Why it took McIlroy, who as a citizen of Northern Ireland is a British subject and thus eligible to compete for the U.K. or Ireland in international events, so long to make this decision is a bit of a mystery. Here’ the rub. People in this part of the world couldn’t care less.
His decision isn’t going to stir up a storm of controversy. There won’t be marches on Stormont in Belfast, seat of the Northern Ireland Assembly. Northern Irish golf fans on both sides of the religious divide that still separates this nation are not going to boo McIlroy the next time they watch him play. They’ll still turn out by the thousands to cheer him.
McIlroy’s decision was the quintessential no-brainer, despite previously saying the issue had put him in an “extremely sensitive and difficult position.”
He played for Ireland as a boy, as a youth and as a professional. It’s only natural that he would play for Ireland in Rio – presuming, of course, that he qualifies.

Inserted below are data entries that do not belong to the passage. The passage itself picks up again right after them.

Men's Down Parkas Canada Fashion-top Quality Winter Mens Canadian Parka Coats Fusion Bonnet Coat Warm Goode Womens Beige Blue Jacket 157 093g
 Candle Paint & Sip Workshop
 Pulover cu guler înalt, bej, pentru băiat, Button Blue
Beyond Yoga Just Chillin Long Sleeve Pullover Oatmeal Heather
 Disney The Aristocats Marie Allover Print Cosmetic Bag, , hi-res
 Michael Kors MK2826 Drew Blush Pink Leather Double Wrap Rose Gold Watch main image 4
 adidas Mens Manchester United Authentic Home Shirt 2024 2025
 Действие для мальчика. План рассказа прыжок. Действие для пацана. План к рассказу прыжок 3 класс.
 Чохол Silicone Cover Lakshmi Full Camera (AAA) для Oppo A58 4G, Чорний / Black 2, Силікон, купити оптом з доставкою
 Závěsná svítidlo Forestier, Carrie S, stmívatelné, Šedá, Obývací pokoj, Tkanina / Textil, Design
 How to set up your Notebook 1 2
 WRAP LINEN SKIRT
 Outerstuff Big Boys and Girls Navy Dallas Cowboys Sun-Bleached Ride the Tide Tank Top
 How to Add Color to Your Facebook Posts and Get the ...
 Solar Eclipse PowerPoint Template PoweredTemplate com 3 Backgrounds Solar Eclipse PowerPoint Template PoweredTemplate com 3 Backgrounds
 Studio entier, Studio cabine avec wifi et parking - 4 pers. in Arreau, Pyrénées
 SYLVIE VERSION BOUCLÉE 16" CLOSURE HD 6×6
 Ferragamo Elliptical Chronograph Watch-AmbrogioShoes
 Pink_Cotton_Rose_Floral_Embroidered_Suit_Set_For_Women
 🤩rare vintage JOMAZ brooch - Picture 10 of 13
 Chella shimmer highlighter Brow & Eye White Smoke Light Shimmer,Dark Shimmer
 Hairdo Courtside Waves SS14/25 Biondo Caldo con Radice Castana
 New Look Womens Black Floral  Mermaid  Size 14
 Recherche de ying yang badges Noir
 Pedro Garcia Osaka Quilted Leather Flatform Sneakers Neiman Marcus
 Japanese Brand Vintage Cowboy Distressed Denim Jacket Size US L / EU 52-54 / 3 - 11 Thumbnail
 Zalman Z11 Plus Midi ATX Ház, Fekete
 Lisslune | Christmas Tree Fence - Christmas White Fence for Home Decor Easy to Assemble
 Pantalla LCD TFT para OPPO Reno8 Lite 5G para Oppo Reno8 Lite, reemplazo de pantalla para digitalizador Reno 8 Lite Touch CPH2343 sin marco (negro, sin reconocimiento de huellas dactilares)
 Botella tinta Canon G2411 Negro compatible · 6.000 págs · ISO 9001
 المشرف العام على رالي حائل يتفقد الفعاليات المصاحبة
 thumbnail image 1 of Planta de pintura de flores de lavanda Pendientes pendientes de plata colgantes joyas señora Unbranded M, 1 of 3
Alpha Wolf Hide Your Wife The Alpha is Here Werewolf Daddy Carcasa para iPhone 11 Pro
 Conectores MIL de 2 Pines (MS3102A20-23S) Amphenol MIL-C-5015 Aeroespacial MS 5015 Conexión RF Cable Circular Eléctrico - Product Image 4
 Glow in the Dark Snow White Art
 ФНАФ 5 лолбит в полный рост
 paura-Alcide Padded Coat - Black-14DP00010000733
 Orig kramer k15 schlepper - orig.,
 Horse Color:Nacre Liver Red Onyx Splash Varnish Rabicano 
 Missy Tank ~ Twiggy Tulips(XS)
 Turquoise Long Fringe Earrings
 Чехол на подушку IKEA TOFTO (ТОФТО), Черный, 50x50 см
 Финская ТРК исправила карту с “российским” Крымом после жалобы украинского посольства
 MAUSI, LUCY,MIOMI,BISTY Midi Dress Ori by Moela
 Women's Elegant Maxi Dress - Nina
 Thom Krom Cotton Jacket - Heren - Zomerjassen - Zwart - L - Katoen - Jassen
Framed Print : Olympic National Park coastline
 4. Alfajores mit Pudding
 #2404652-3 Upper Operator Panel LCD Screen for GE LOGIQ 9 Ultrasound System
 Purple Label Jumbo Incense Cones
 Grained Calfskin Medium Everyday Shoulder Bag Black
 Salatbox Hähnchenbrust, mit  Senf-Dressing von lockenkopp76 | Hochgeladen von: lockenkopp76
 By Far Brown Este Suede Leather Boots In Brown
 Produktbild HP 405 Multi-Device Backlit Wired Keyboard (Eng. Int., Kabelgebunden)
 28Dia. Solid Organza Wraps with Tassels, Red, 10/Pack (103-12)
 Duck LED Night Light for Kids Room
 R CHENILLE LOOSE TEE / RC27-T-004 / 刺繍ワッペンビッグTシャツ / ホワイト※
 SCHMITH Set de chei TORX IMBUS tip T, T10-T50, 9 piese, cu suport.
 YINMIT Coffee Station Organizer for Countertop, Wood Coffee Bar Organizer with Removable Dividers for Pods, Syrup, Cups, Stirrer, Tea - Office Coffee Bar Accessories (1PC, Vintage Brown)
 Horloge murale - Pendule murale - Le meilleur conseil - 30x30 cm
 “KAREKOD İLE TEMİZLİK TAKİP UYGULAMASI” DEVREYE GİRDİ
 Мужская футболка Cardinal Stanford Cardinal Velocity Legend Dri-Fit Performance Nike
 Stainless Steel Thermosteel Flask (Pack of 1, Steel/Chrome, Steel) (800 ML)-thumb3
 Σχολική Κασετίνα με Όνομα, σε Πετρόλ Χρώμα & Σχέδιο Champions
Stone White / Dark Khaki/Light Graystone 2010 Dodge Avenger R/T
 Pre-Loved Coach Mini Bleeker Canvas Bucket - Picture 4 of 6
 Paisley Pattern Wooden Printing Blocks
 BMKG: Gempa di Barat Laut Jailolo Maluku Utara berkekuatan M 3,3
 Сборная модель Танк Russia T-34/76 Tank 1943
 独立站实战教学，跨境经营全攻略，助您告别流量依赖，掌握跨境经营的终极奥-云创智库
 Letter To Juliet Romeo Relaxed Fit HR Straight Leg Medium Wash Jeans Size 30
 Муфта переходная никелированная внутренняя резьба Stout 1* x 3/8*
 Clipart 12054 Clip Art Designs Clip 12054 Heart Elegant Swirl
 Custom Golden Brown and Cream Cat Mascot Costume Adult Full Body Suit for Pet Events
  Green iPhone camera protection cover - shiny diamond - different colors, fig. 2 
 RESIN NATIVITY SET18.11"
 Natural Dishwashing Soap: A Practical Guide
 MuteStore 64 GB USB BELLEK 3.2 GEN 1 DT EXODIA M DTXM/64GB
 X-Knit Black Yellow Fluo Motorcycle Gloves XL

There was no great outcry when McIlroy teamed with Northern Ireland’s Graeme McDowell to play for Ireland in the World Cups of 2009 and ’11. There’s a simple reason: It wasn’t out of the ordinary.
Perhaps the greatest part about sport in the Emerald Isle has been its ability to bring the North and the South together despite the obvious sectarian divide. No one blinked an eye when Northern Irish golfers such as McIlroy, McDowell and Darren Clarke much earlier were chosen to represent the Golfing Union of Ireland.
Golf isn’t the only sport that ignores the border that separates Ulster from the three other Irish provinces of Leinster, Munster and Connacht. The Irish rugby team has always been made up of players from the North and South. Ditto for cricket and field hockey.
The only major sport chosen along North and South lines is football, and the beautiful game is poorer for it. An all-Ireland team probably would have had much more success over the years.
So let’s get back to more important issues – such as, will the thick haar rolling in from the Irish Sea stay away long enough to complete play in the 119th Amateur Championship at Royal Portrush?